The decision of database largely came down to preference, if I’m being honest. Proctors highly recommended going the SQL route, but plenty of colleagues went the noSQL direction, too. Personally, I was working in MongoDB more frequently at that time, and wanted the additional challenge of creating custom SQL queries that would retrieve data efficiently, and so I decided on a SQL database: PostgreSQL.
With that decision out of the way, I needed to build a schema. Because of the variety of data being retrieved (there were 4 tables total by the end, one of which being a join table), schema creation posed a challenge and I frequently had to revisit and modify the schema up until deployment.
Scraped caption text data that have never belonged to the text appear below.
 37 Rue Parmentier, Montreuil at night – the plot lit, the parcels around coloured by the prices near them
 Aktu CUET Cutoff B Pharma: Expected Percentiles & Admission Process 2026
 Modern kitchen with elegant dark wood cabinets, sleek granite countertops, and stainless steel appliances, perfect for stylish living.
To give one simple example of something that required me to revisit the schema, I hadn’t considered query speed initially and realized later that some additional indexing would really speed things up, so I went back to include those indexes.
Aside from that, though, challenges to database selection were minimal and hardly the most interesting part of the project, so let’s move onto the next piece.
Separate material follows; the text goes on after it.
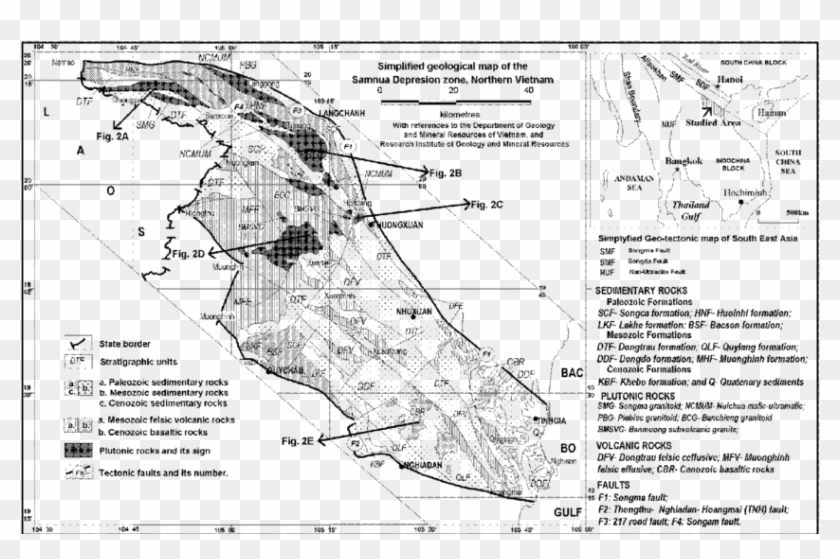 Simplified Geological Map Of The Samnua Depression - Fault Zone Of Vietnam Clipart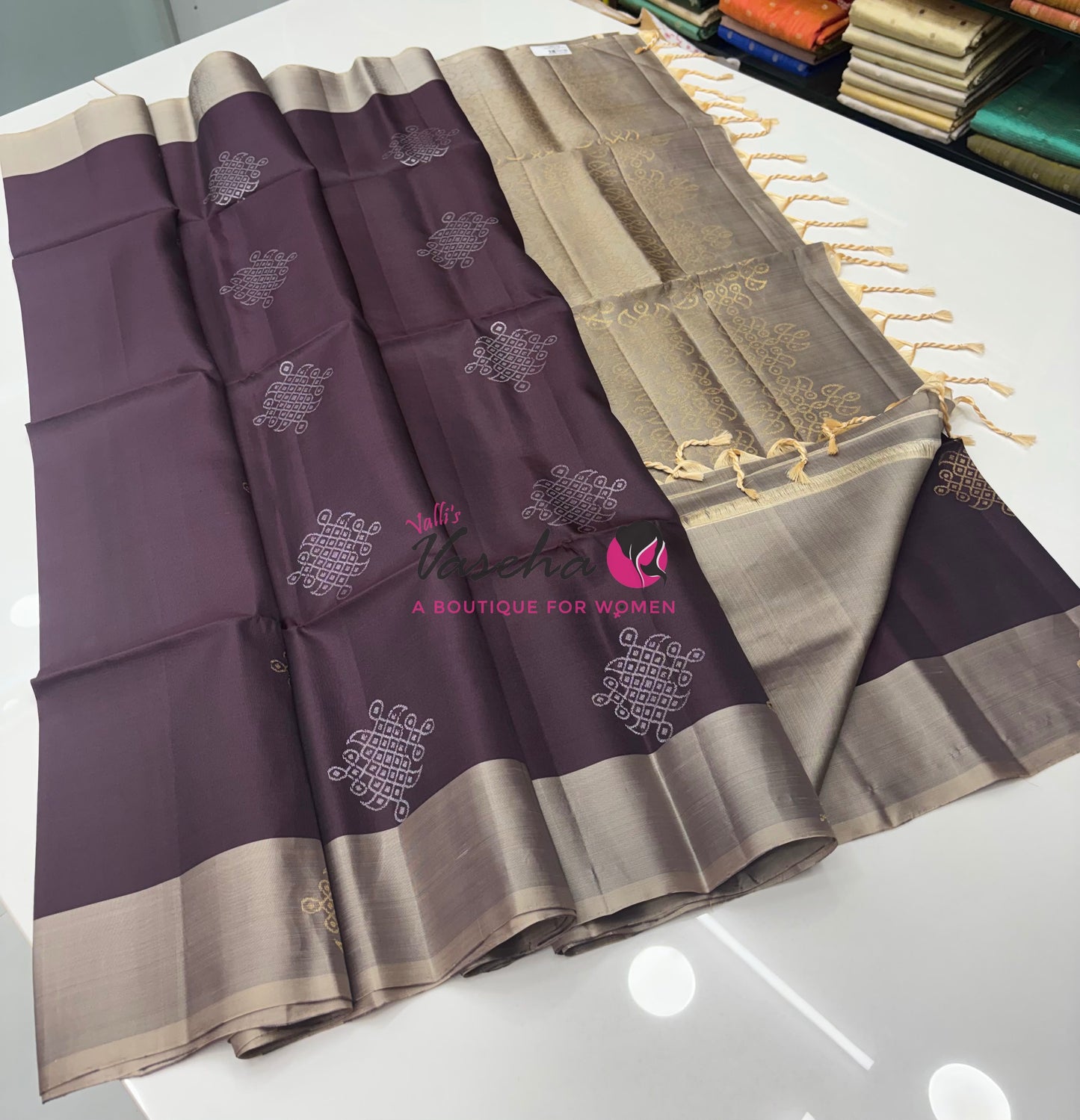 Pure Soft Silk Saree - (1.75 Warp) Kolam Design - Shade Of Brown & Grey Shade - VVPSS074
Fortunately, as part of the project, data had already been extracted into a few gigabytes of CSV files for us, and so all we needed to do was transform and load the data into our database. There were two primary ways to go about this process: transform and load the data, or load and transform the data.
Transforming and loading the data would have required creating a javascript function or functions that would process the CSV data into a ready-to-load format that I could then copy into the tables. If the data wasn’t already nearly what I needed it to be, I would have gone this route. However, because transformations were minimal, I decided it would be better to load and transform instead.
In this route, I would load the data into temporary tables that matched the data types copied from the CSV files. Then I would transfer the data from temporary tables into the real tables, transforming what data needed transforming in the process—primarily dates, in this case.
Below, I show an example of the process for one table:
CREATE TEMP TABLE characteristics_temp (
id SERIAL PRIMARY KEY,
product_id INTEGER,
name TEXT
);
\copy characteristics_temp FROM './data/characteristics.csv' CSV HEADER;
CREATE TABLE characteristics (
characteristic_id SERIAL PRIMARY KEY,
name VARCHAR(20) NOT NULL,
product_id INTEGER NOT NULL
);
CREATE INDEX char_product_id_idx ON characteristics(product_id);
INSERT INTO characteristics select id, name, product_id from characteristics_temp;
That’s really all there was to it here—although there were some challenges during deployment I’ll get into later.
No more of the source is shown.